## AIM OF THE EXERCISE
Produce a word-for-word copy of the lines from the one that contains "産卵木 クヌギ コナラ" to the final line of the data below, with all pictures dropped.

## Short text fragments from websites
________

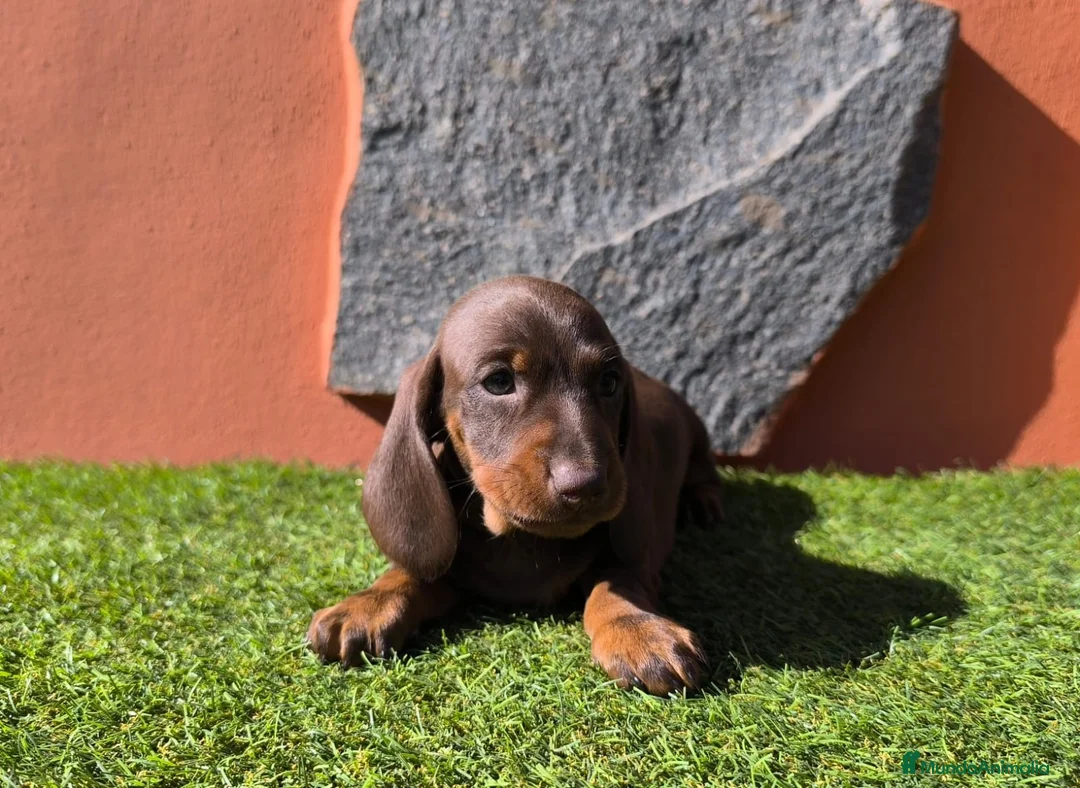 Teckel Miniatura perros en venta: TECKEL MINIATURA EN CANARIAS  - Anuncio 6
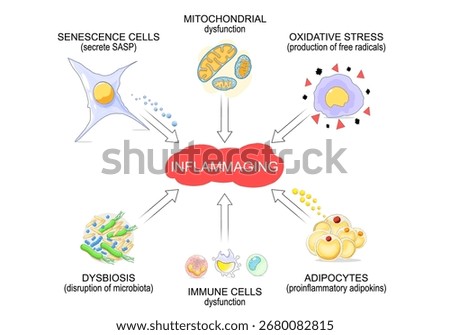 Inflammaging. Ageing process. Chronic inflammation that develops with advanced age. Anti-aging therapy. Anti aging medicine. Vector illustration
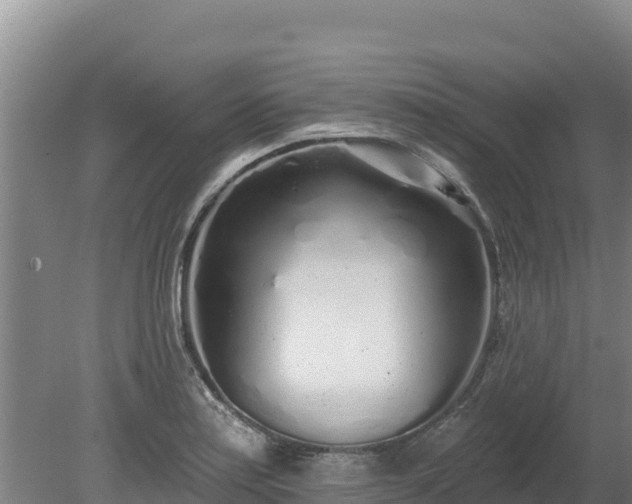 X0000080131179200612151731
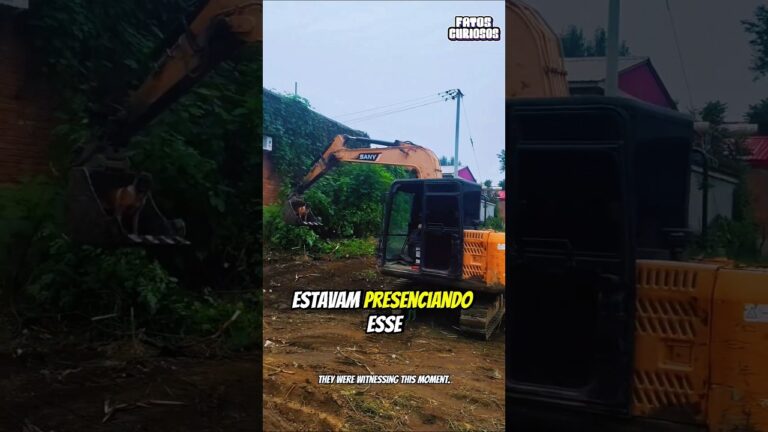 ESSE OPERADOR EMOCIONOU A TODOS AO DEIXAR SEU CACHORRO BASTANTE FELIZ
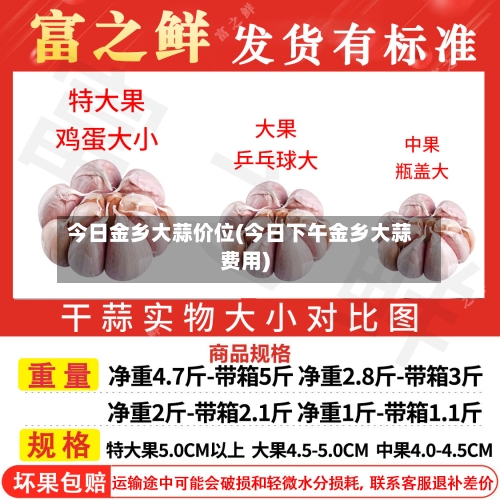 今日金乡大蒜价位(今日下午金乡大蒜费用)-第3张图片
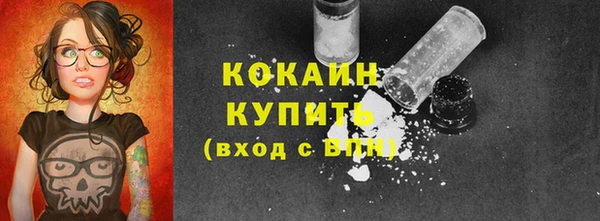хмурый Алексин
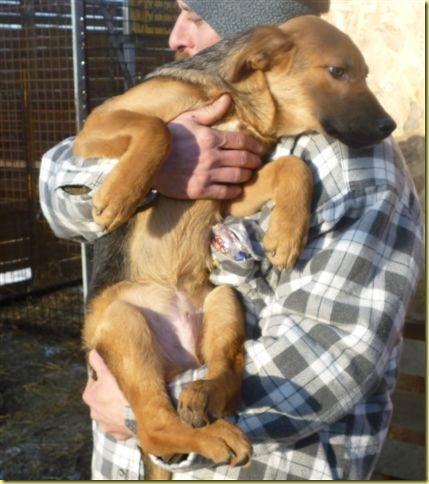 Bankó 2011.12.20. 3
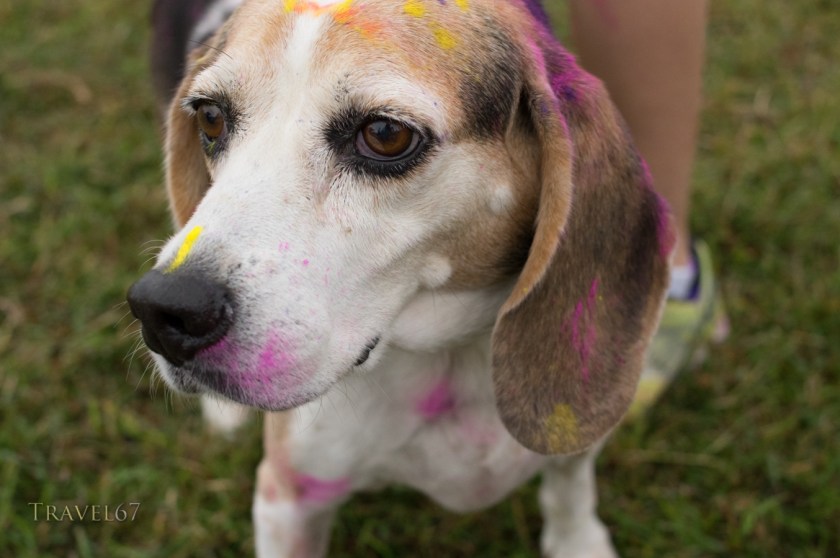 USO Color Blast 5km Fun Run, Okinawa, Japan. Sept 22, 2014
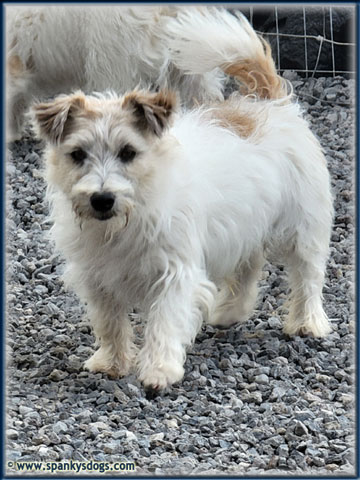 Sterling, Jack Russell Terrier stud dog at Spanky's Dogs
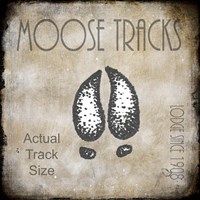 Moose Lodge 2 - Moose Tracks 2 Fine Art Print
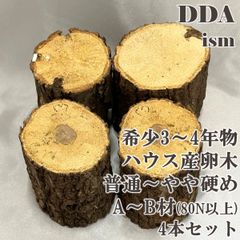 【DDA】希少3～4年物 ハウス産卵木 普通～やや硬め A～B材(80N以上) 4本セット dda クワガタ 産卵木 クヌギ コナラ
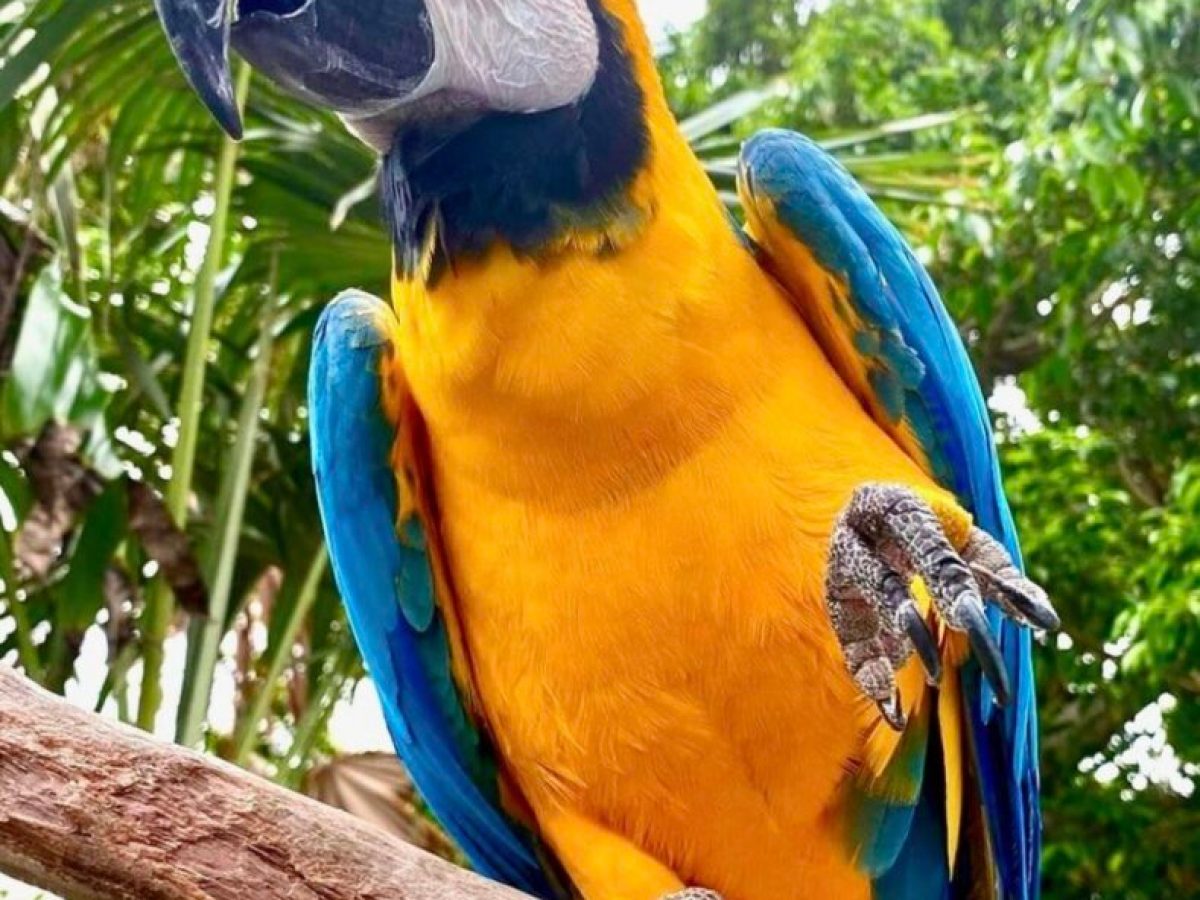 a colorful bird perched on a tree branch
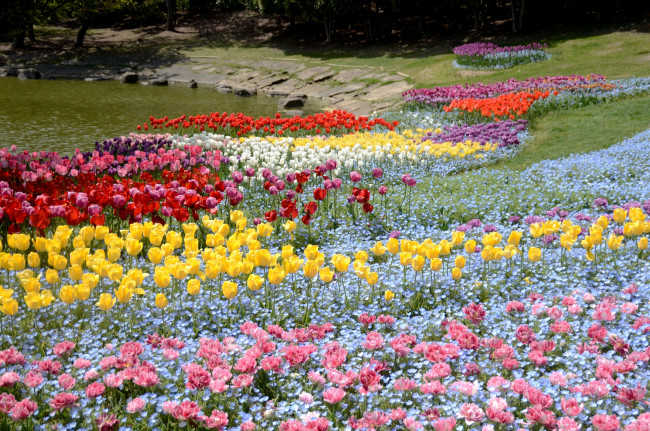 Обои картинки фото цветы, разные, вместе, тюльпаны, немофилы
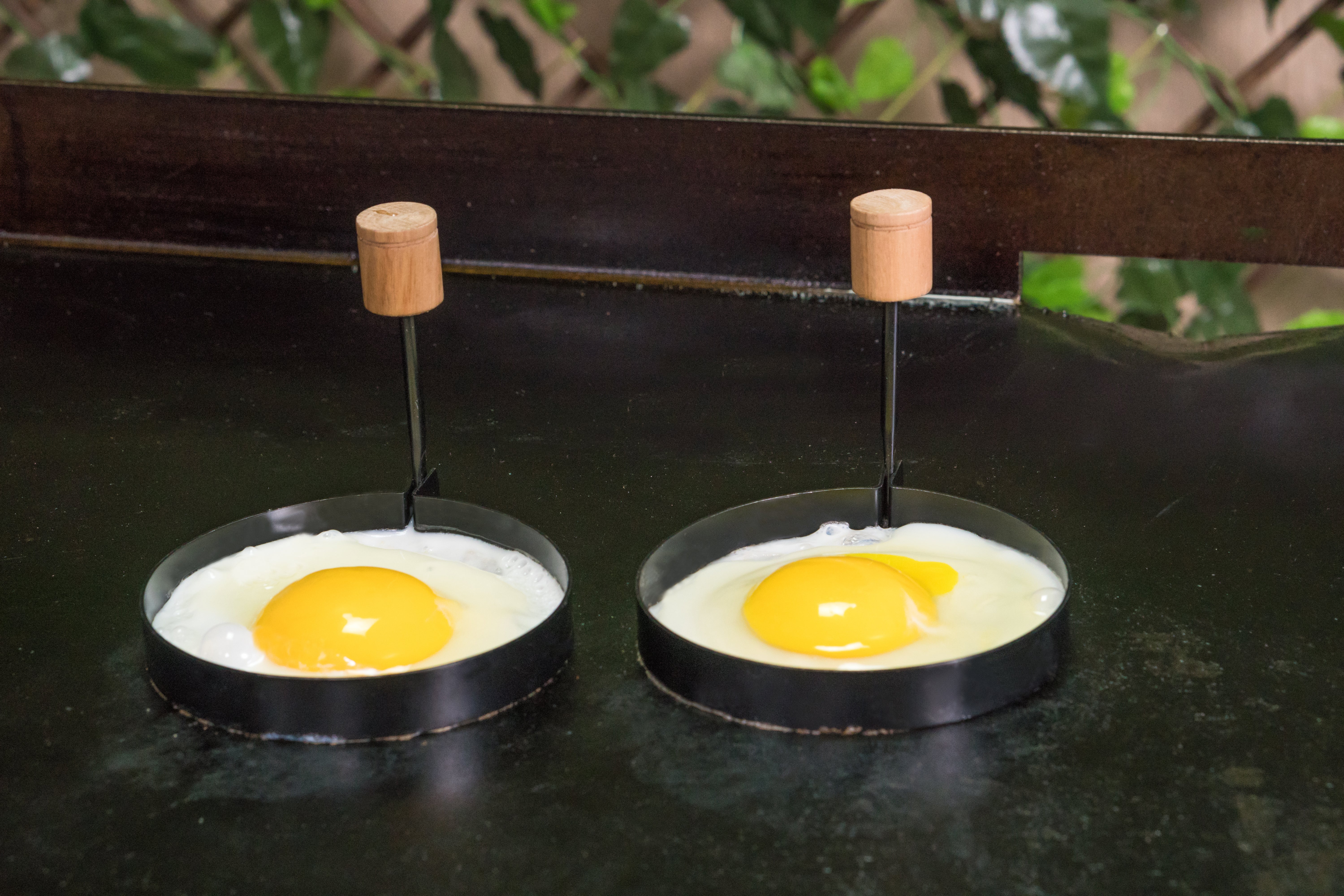 Blackstone Breakfast Kit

________

## TASK ANSWER
 【DDA】希少3～4年物 ハウス産卵木 普通～やや硬め A～B材(80N以上) 4本セット dda クワガタ 産卵木 クヌギ コナラ
 a colorful bird perched on a tree branch
 Обои картинки фото цветы, разные, вместе, тюльпаны, немофилы
 Blackstone Breakfast Kit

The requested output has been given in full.